EXERCISE ::
For each line below with the word "Thank", write out a copy.

+++++

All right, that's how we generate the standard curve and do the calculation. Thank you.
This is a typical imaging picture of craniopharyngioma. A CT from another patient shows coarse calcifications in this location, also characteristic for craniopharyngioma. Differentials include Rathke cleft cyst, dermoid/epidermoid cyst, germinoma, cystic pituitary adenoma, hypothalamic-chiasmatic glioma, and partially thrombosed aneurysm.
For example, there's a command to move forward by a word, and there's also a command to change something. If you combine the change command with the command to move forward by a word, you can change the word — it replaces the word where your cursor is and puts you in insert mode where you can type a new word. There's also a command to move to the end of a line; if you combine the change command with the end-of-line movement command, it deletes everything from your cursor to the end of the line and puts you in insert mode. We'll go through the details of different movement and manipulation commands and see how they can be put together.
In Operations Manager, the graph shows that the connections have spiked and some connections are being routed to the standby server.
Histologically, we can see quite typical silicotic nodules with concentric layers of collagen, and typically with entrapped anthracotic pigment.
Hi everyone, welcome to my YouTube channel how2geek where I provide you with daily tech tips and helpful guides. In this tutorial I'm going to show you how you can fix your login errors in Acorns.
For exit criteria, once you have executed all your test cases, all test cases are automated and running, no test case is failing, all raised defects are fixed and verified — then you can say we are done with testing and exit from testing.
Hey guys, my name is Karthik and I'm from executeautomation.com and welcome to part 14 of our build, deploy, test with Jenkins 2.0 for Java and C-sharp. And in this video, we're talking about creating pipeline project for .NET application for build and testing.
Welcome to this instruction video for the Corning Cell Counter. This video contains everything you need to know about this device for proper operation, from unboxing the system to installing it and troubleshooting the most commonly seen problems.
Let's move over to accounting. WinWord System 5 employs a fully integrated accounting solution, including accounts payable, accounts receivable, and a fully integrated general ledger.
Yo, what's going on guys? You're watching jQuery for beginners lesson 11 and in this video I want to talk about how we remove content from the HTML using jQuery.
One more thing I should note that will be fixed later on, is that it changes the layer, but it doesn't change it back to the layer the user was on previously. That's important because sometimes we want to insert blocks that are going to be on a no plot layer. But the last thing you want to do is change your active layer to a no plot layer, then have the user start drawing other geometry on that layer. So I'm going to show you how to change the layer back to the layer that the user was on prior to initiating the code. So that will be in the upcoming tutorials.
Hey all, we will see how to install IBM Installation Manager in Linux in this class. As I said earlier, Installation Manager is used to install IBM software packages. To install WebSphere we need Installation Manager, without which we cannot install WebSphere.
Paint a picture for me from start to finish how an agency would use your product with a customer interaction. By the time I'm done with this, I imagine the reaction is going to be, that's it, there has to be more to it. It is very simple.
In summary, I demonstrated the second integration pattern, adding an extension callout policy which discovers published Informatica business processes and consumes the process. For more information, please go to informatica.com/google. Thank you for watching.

+++++

ANSWER TO THIS PROBLEM ::
All right, that's how we generate the standard curve and do the calculation. Thank you.
In summary, I demonstrated the second integration pattern, adding an extension callout policy which discovers published Informatica business processes and consumes the process. For more information, please go to informatica.com/google. Thank you for watching.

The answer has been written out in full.